Humility is a very tough lesson.
I had a crash course two summers ago, when I went on bedrest for preterm labor when Jerry was out of cell phone contact at Zion National Park and my parents were camping somewhere in Virginia. Helen was not yet two years old.
My church family appeared, in droves. My theatre family. My teaching/tutoring family. The friends we’ve made through dog training. Jerry’s colleagues. Their families. Jerry’s parents. When mine were in town, my parents. Helen’s social schedule was ridiculous — I couldn’t lift her or chase her, but expecting her to watch TV all day every day wasn’t fair. Helen had morning social engagements and afternoon social engagements. EVERY day. For over two months. She only recently stopped asking me, “Who’s coming today?” and it’s been over two years.
I was tethered to my sofa on anti-contractives for over 9 weeks. People came to feed us almost daily, friends did random grocery shopping for us, and people even showed up unannounced with their children and cleaning supplies to clean our house for us. I cried a lot, because I was pregnant, of course, but also because I’d never been at the receiving end of this kind of outpouring. I’ve never been on the giving end either, for that matter.

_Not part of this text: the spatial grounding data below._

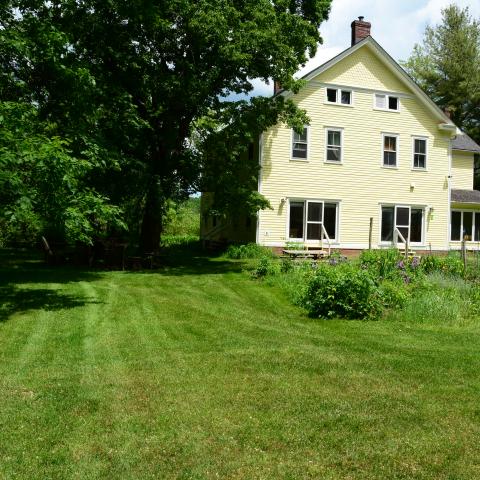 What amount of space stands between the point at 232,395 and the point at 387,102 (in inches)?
864

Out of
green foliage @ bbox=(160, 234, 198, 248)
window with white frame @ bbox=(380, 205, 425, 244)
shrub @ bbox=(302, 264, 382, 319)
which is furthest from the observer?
green foliage @ bbox=(160, 234, 198, 248)

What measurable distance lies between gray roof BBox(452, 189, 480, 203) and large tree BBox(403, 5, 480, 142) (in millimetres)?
16455

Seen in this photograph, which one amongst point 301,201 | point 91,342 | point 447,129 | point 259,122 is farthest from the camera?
point 447,129

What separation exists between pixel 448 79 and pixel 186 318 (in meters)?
42.3

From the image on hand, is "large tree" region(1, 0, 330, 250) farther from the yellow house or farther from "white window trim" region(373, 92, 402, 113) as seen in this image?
"white window trim" region(373, 92, 402, 113)

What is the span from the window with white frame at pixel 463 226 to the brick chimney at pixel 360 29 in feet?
33.3

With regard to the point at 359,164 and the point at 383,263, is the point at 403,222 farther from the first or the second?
the point at 383,263

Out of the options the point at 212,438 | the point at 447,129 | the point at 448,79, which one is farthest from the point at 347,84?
the point at 448,79

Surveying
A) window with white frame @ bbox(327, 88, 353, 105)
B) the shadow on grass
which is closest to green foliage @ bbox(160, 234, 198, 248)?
the shadow on grass

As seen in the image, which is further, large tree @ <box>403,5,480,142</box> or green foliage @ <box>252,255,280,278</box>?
large tree @ <box>403,5,480,142</box>

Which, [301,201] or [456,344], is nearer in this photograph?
[456,344]

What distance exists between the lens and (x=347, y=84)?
23.9 meters

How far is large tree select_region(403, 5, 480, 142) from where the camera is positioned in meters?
43.3

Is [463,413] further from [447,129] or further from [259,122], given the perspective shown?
[447,129] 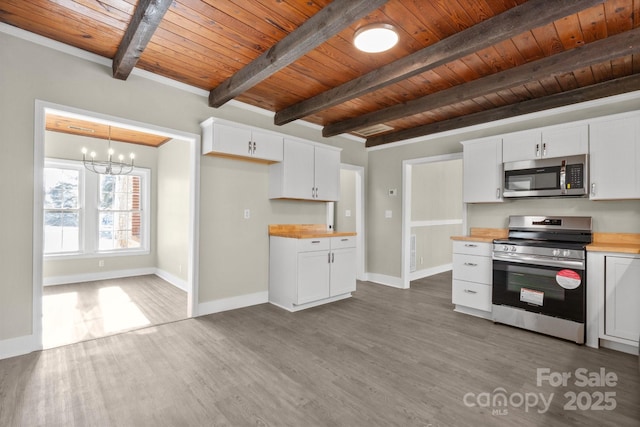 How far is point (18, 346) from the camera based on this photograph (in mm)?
2570

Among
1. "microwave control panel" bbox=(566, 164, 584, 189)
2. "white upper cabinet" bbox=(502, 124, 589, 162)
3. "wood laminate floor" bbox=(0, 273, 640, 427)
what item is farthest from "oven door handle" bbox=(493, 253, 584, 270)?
"white upper cabinet" bbox=(502, 124, 589, 162)

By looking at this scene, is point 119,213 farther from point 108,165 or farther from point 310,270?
point 310,270

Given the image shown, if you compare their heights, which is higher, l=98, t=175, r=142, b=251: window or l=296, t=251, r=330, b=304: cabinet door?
l=98, t=175, r=142, b=251: window

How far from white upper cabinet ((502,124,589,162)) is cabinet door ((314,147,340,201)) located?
2.21 m

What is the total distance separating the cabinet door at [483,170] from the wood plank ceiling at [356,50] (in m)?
0.53

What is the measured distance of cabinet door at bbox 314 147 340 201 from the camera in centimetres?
451

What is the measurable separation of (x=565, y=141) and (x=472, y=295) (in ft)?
6.36

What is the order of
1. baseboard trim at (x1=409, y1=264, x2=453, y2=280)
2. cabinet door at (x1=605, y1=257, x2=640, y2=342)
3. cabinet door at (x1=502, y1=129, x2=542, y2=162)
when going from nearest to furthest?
cabinet door at (x1=605, y1=257, x2=640, y2=342) < cabinet door at (x1=502, y1=129, x2=542, y2=162) < baseboard trim at (x1=409, y1=264, x2=453, y2=280)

Many, many angels entered our life at that time.
One in particular still gets me all choked up when I think about it. I have known Diane since before I remember knowing people. Her dad was a physician, and our parents were friends. We used to go out on the river with their family — they had a houseboat, and we had a skiboat. Lots of memories in that house. I remember flashing her little brother once when I was probably in middle school, just to be obnoxious.
Diane was getting married the next spring, and had finally, after divorcing her abusive first husband, met the Perfect Man for her. Everything was wonderful. But her future husband had been having a lot of headaches, so he went to see the doctor in June. By this point, I had been on bedrest for about a month, and Diane was over several times a week cleaning up my kitchen, playing with the girls, making sure everything was fine. She never said a word about what was going on.
Her fiance was diagnosed with a brain tumor. An astrocytoma. They moved the wedding up to IMMEDIATELY and they were married at the end of June 2004, and then he had brain surgery, discovering that this brain tumor was too far advanced and was going to kill him within months. Diane kept taking care of me, and never said anything. My life was so totally isolated that I wouldn’t have known except that someone from church finally told me, and then I started crying for Diane, too.
Her spirit through all of that was amazing. After Alice was born, Diane and her recovering husband had a reception since their wedding had been so impromptu. Though Alice was only about 10 days old, I took her to that reception (wore her in a sling and she slept the entire time). I had to go. I needed to go.
Diane looked like an angel in her wedding dress, and was so happy. I’ll always remember that image.
And I hope that one day, Diane will know just how powerful her presence was for me those long weeks while I waited for Alice, while Diane’s own life was turned upside-down. I appreciated her then, but I appreciate it even more now. She’s an amazing woman, and the kind of friend that I hope to learn to be.